Not sure what else has changed in the Nagra II CI= circuits inside, basically no big differences except they added the I to the c on the deck top. The front plate diagram changes for the controls and the speaker grill cover from aluminum to black. As shown in these three pictures.
Hopefully, someone has more information they can share.

The first example of the Nagra II it’s a copyrighted picture so I’ll just share the link.
You can see the similarity to the Nagra I, except the spring meter, the window in the lid.

And the hold down nuts.

See First Picture here.

http://www.radiomuseum.org/r/kudelski_nagra_ii_2_autonome_tape_recorder.html

rnX80Cs.png

cl5r3uF.jpg

All photos marked RJW are copyrighted.  Any use other than private with or without the RJW watermark is strictly forbidden, without written permission from the owner.

From what information I found about the Nagra I and Nagra II, this is not a picture of the Nagra I in the link below.

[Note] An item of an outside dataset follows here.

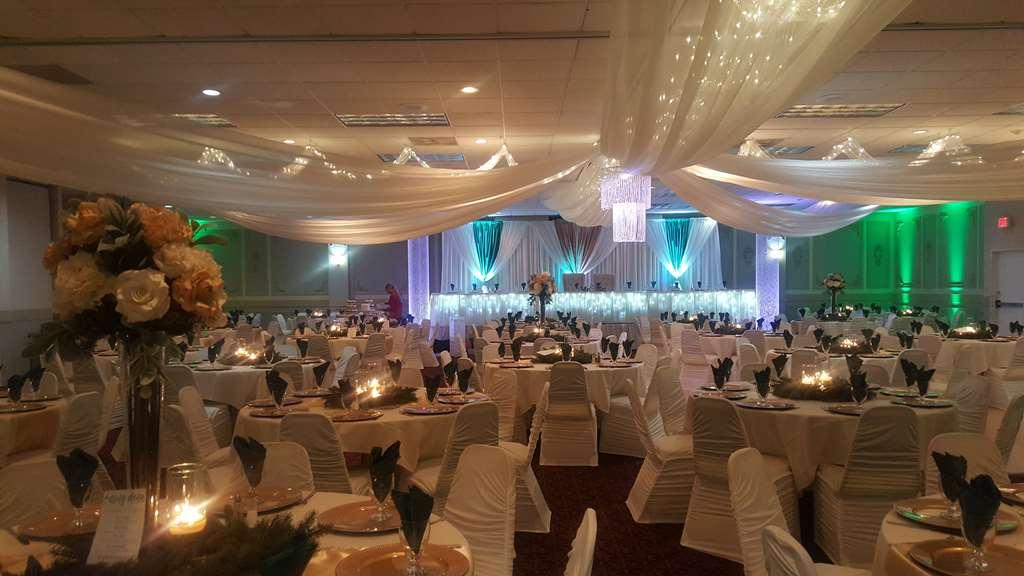 Crookston Inn & Convention Center Servicios foto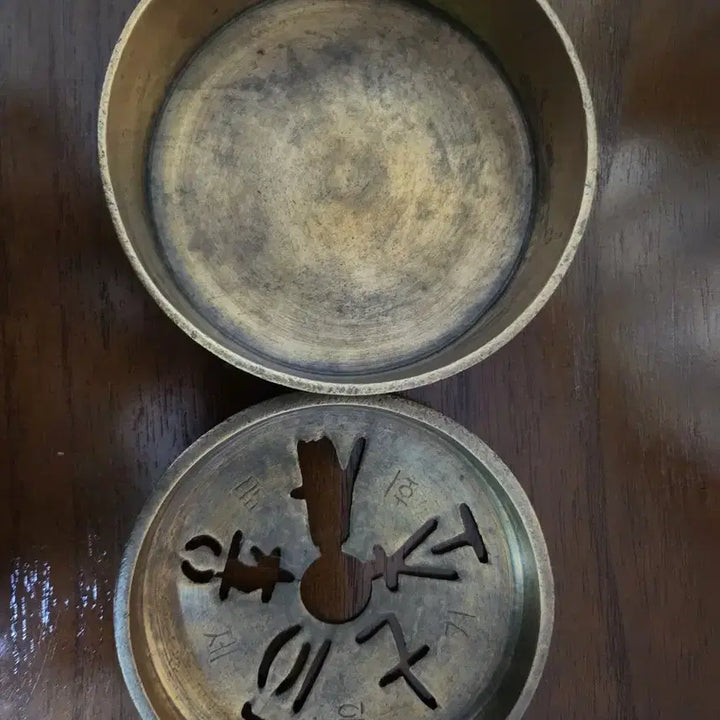 [BUNJANG] 1949 Commemorative Brass Ashtray / 옛날물건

It has every option the Nagra I never had. The most tell tale sign is, the reel hold down nuts are in the center of the reels, this is a dead giveaway. Not to mention the
window in the lid, spring wind gauge on the front panel, the side meter, and the extra knobs on top and side. Such a beautiful machine, but not a Nagra I

Not sure who the owner is but it’s a 1953 early Nagra II with all the options. Sorry about that.
The owner may know its a Nagra II and it may just be miss labeled in the article. I hope that is the case, I don’t want to be the bearer of bad news to the owner if he thought it was a Nagra I. But it is the coolest Nagra II I ever saw.

 

Unless it's a completely decked out Nagra I, but wouldn't that make it a Nagra II? Yes it is a Nagra II

I hope someone can share some information on this machine. Like more pictures etc.